Whereas Satanic Verses seems to speak about
alienation through immigration and loss of religion, The Fish Can Sing is supposed to illustrate (at least according to
the author’s notes) the alienation through glory and uprooting. The title could
thus be interpreted like a pleading for the beauty of the ordinary life,
ordinary people, whose silence speaks to the soul better than any masterpiece
could, like the iconic image of the grandfather:
He never gave any sign of knowing that his grandchild was nearby, and I never paid much attention to him either, and yet somehow I was always involuntarily aware of him in the background. I would hear him blowing his nose with long pauses between each blow, and then taking another pinch of snuff. His constant silent presence was in every cranny and corner of Brekkukot – it was like lying snugly at anchor, one’s soul could find in him whatever security it sought. To this very day I still have the feeling from time to time that a door is standing ajar somewhere to one side of or behind me, or even right in front of me, and that my grandfather is inside there, pottering away.
And indeed,
there are enough memorable portraits of those “unspoilt” people, educated at
the “Icelander’s university”, which was a quiet gathering around a good reader that
read sagas aloud for an entire household in the evenings: people like the
narrator Álfgrímur grandparents, with a grandmother who was never seen to sleep
in a bed or a grandfather whose moral law concerned fish sale that was not to
accumulate money, only to gain enough to live; nameless people like the woman from
Landbrot who came to Brekkukot to die and who writes (through the narrator) an
endless letter to her children to teach them how to take care of their cow
Lykla who was about to calf, or like the man who loves his wife so much that he
forgets to take care of her while preaching about her and their love all over
the village; local people like little Miss Gú∂múnsen who stalks both Álfgrímur
and Gar∂ar Hólm, or Pastor Jóhann who thinks that there is one single note, and
it is pure, or Ebenezer Draummann, who wears no socks in order to save money to
buy stamps and send letters to philosophers asking them the meaning of obscure
words in Sanskrit:
“For example, what does the word prana mean? Or karma? And maya?”

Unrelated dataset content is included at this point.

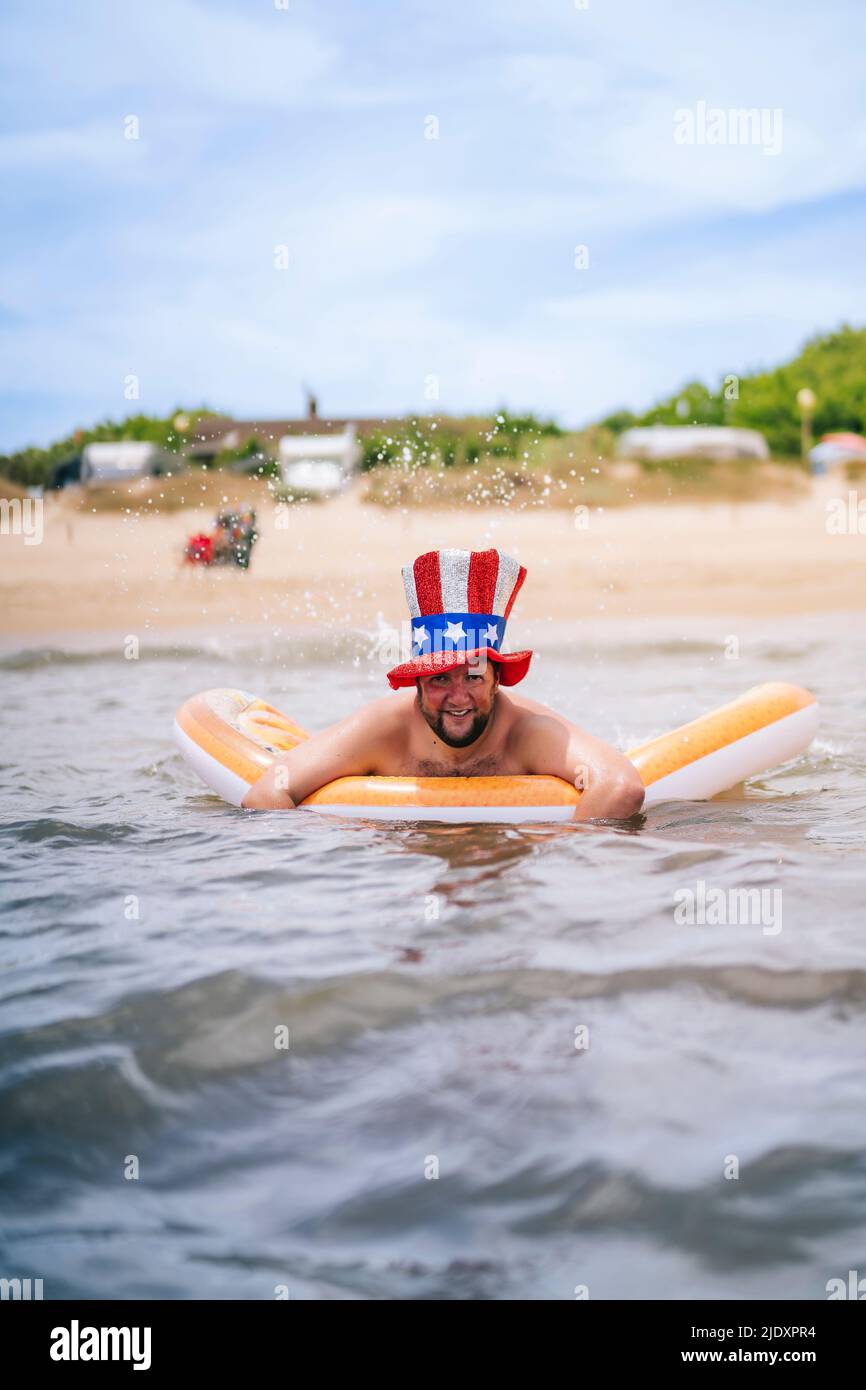 Uomo sorridente che indossa lo zio Sam cappello che nuota con zattera da piscina in mare Foto Stock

Obviously there was no one at Brekkukot who could answer this.“And you don’t know either, young man – and you a pupil at the Grammar School?”“No,” I said.“There you are, then,” said Ebenezer Draummann. “Everyone wearing socks, and no one knows what prana is. Not even this young man from the Grammar School.”
If there is an
equation for happiness, all these stories seem to tell, it could be found in this
simple triangle people – fish – singing, that is simple life elevated to art.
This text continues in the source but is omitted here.